> **Extracted entries**:
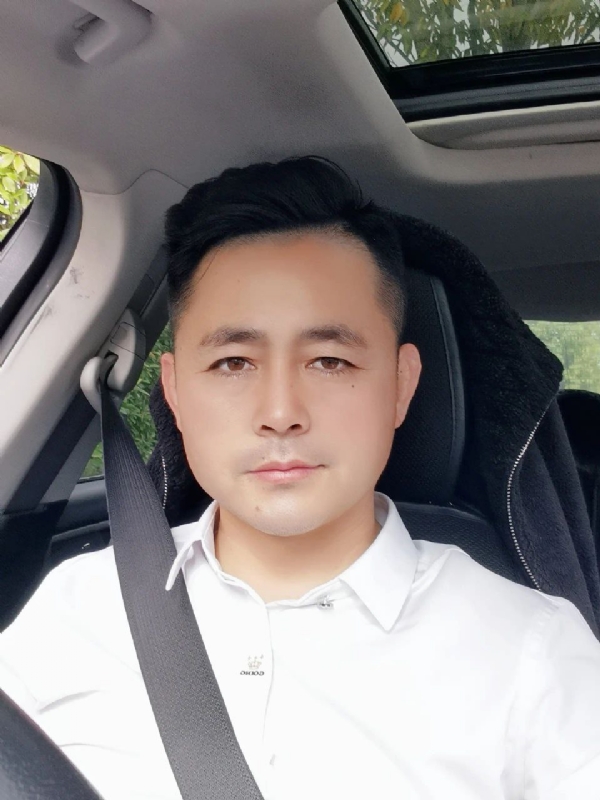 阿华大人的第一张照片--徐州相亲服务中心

---

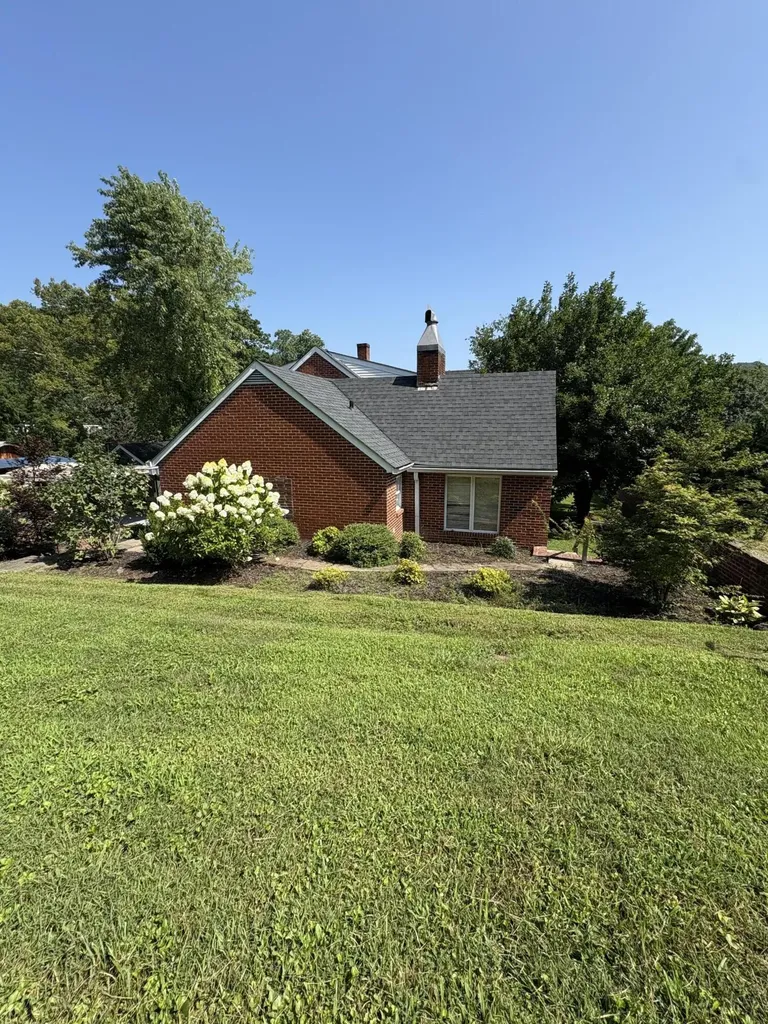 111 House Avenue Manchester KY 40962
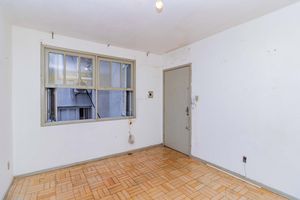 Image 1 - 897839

> **Task**:
Exact copy, pictures excluded: every line above from the one containing "111 House Avenue Manchester KY 40962" to the one containing "Image 1 - 897839", inclusive, and nothing more.

> **Answer section**:
 111 House Avenue Manchester KY 40962
 Image 1 - 897839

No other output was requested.